Biz insanlar, birbirimizle anlaşamıyoruz. İstiyoruz ki düğmenin iliğe tam girmesi gibi, her düşünce, her hareket, her istek birbirine tık diye otursun. Böyle olmuyor ve biz anlaşamıyoruz.

Birbirimize söylesek sorunu hemen çözecek şeyleri, konunun muhatabına değil de başkalarına söylüyoruz. Başkalarının kafasını şişiriyoruz. Konuşsak karşılıklı, anlaşacağız. İnsanlık hali, belki yanlış anlaşılmalar olmuştur. Açık fikirle konuşalım, çözelim, yarasız beresiz geçsin gitsin. Yok. Olmuyor. O zaman ne zevki kalacak. Cart diye çiziveriyoruz üstünü. “Aman çok da lazımdı” diyoruz. Geçip gidiyoruz. Bozulmuş bir bulaşık makinesi gibi o kişiyi atıyoruz. Gidip yenisini alıyoruz. “Bu da bozulursa bunu da atarım. Yeni alırım,” diyoruz.

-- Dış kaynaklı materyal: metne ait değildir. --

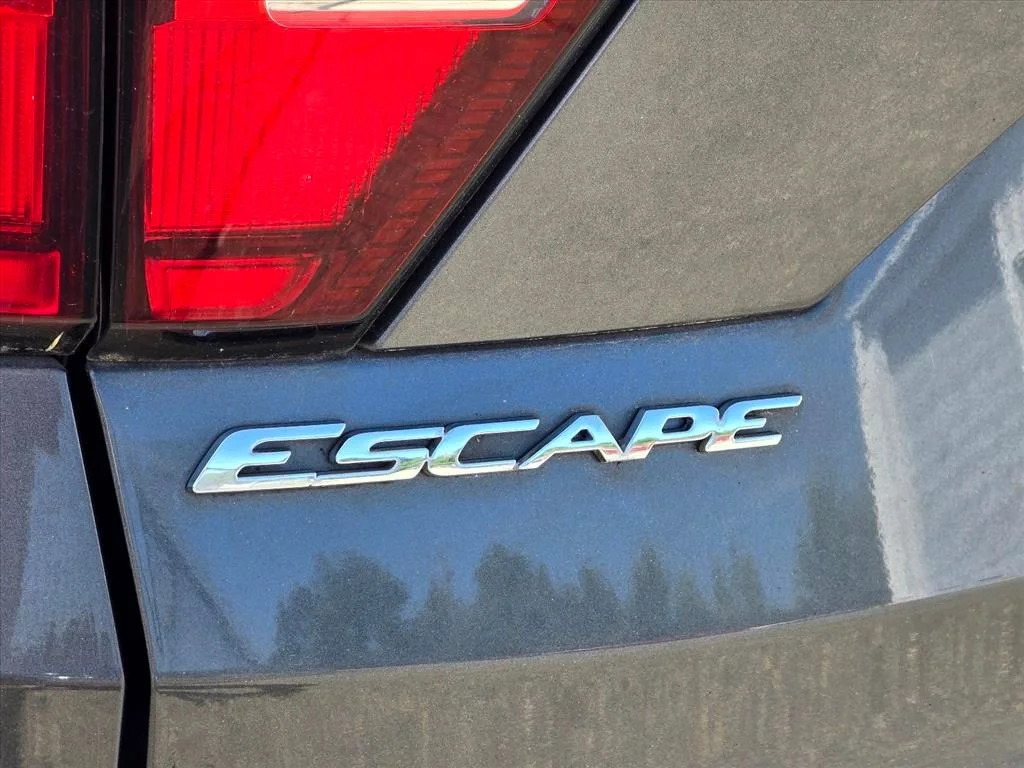 Used 2019 Gray Ford S image 15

Bu sırada güneş her sabah hiçbir şey olmamışçasına doğuyor ve ay her gece gökyüzünde yerini alıyor. Kuşlar göç ediyor. Yapraklar dallarını terk ediyor ve zamanı gelince tekrar yeşeriyor. Biz insanlar her gün yeni üzüntüler, yeni kırgınlıklar oluşturuyoruz. Biz birbirimizi sevemiyoruz. İsteklerimiz yerine getirilirse, anlaşılırsak, ihtiyaçlarımız karşılanırsa birbirimizi sevebiliyoruz. Kesin yargılar oluşturup ona göre davranıyoruz. Lafa gelince büyük laflar edip, uygulamaya gelince sınıfta kalıyoruz. Onu da bir yalanla, bahaneyle örtüp, aynen devam ediyoruz. Kendi yarattığımız rüyadan uyanmamak, haklı olmak için her şeyi yapıyoruz. Kısaca… Sevmiyoruz.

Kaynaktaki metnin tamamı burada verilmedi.